After leaving high school, Ms. Chambers, who hails from Top Hill District in St. Catherine, had plans to become a mathematics teacher.

She enrolled at the St. Andrew-based Shortwood Teachers’ College, but quit her studies after a year. It wasn’t long before she fell in love with a new career path.

“It was while working at a bus company, as a secretary, that I saw some guys doing it [welding] and I fell in love with it immediately,” she recalls.

She enrolled at the HEART Trust/NTA’s National Council on Technical and Vocational Education and Training (NCTVET) Lluidas Vale campus shortly thereafter, with the goal of becoming the best in the profession.

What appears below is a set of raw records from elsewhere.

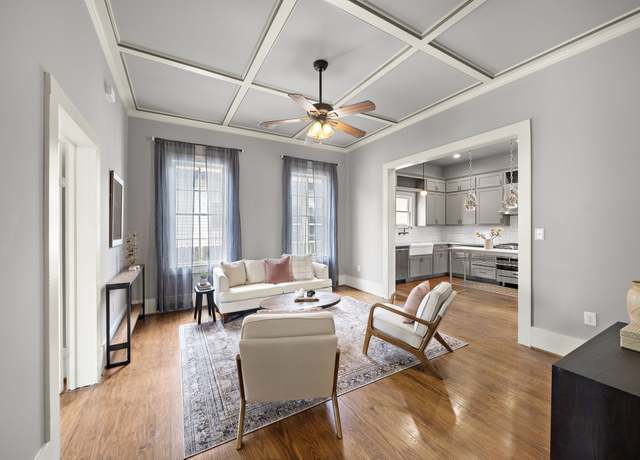Property at 1610 Crockett St, Houston, TX 77007, 2 beds, 1 bath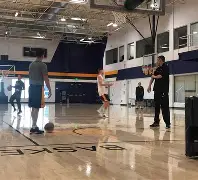 包含离谱！窗口期犹他爵士调整名单以备NBA季后赛本菲卡国际比赛日更衣室发声，萨克拉门托国王围绕法甲队长鼓劲的词条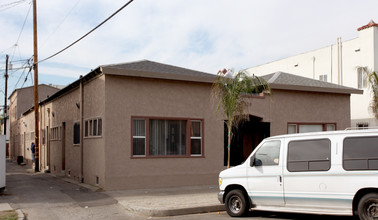 729 Lime Ave in Long Beach, CA - Foto de edificio - Building Photo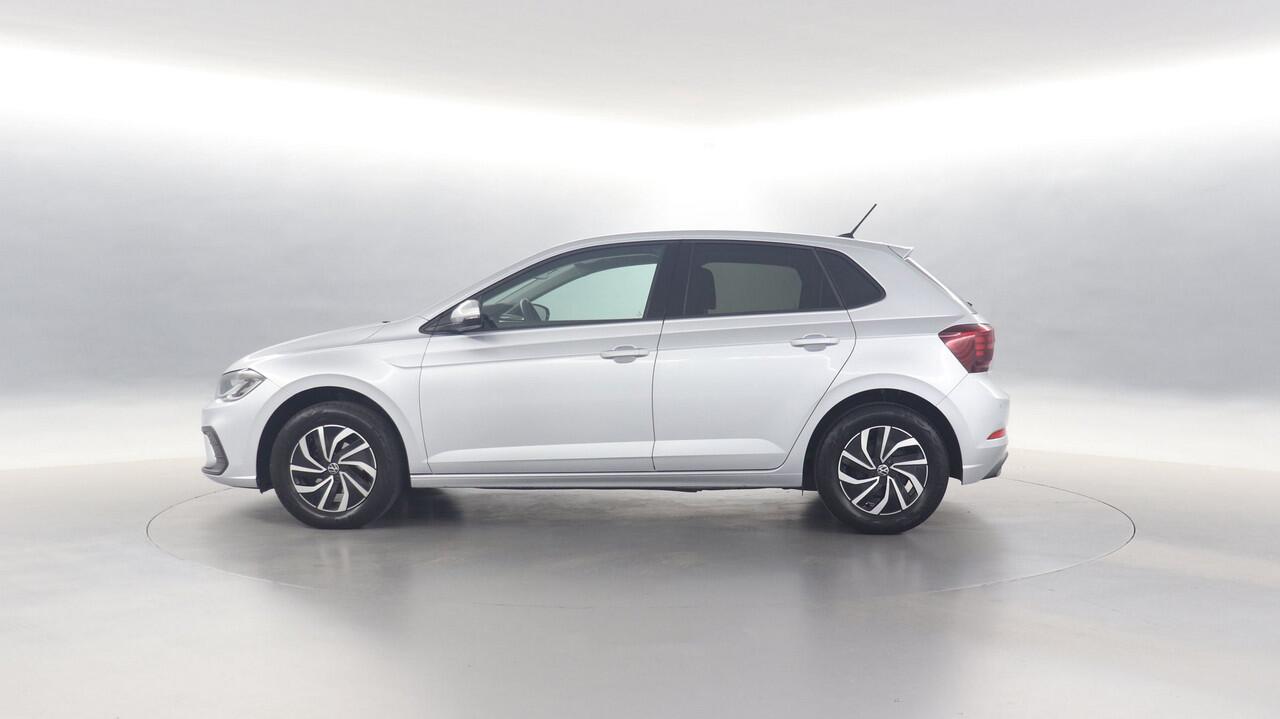 Volkswagen POLO 1.0 TSI 95pk Life Edition / Navigatie / Keyless / Stoelverwarming / Camera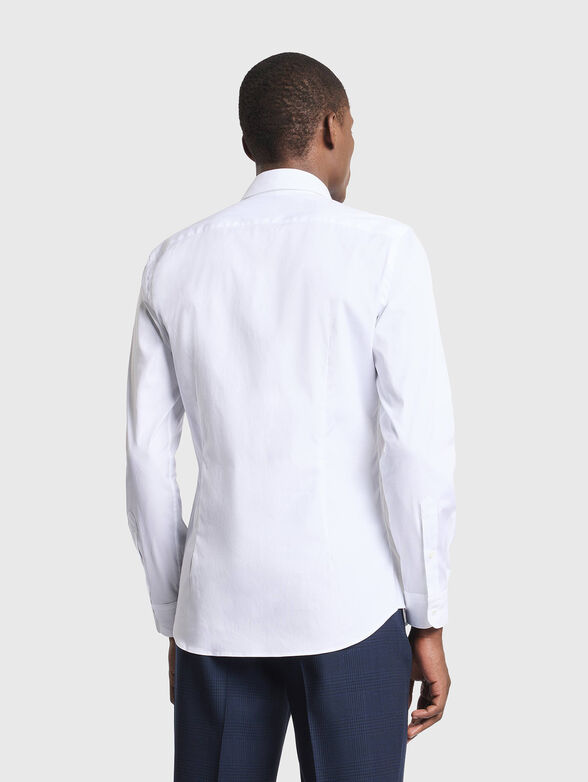 White pleated shirt - 3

In 2013, she obtained a diploma in welding and fabrication, setting off her career as a professional welder. But the woman who admits to having an affinity for male-dominated career paths did not stop there.

“After completing my diploma, I couldn’t find a job, and I am a person who believes that if I am not earning, I should be learning,” she tells JIS News.

“I heard about a new programme at the school called Wall and Ceiling Lining that involves carpentry, so I went and asked the instructor if I could join. I completed the course in 2014, and that’s how I ended up in carpentry,” she says.

After finishing her studies, Ms. Chambers landed a job working as a carpenter for a major hotel on the north coast.

Her dream of one day working inside a classroom has also materialised, as she now spends most of her days at the NCTVET Lluidas Vale campus, where she is hired as a demonstrator.

“In my role as a demonstrator, if the teacher is absent, I assist the trainees in resolving whatever issues they may have. I also help to maintain discipline,” she explains.

The Top Hill resident also uses her skills as a welder to make a living. She says her ultimate goal is to own her own business. “I might start my own business one day, doing a mixture of things – carpentry, welding and plumbing,” she says.

Ms. Chambers admits that people are often surprised by her career path, but she encourages other ladies not to shy away from entering professions that are often regarded as reserved for males.

“A lot of people are impressed when they find out that a female is capable of doing this type of job, and not complaining about lifting things,” she says.

“I believe that any profession you want to enter as a woman, you can do it. No profession is solely for men or women,” she notes.

March 8 is being observed as International Women’s Day under the theme ‘#PressforProgress’.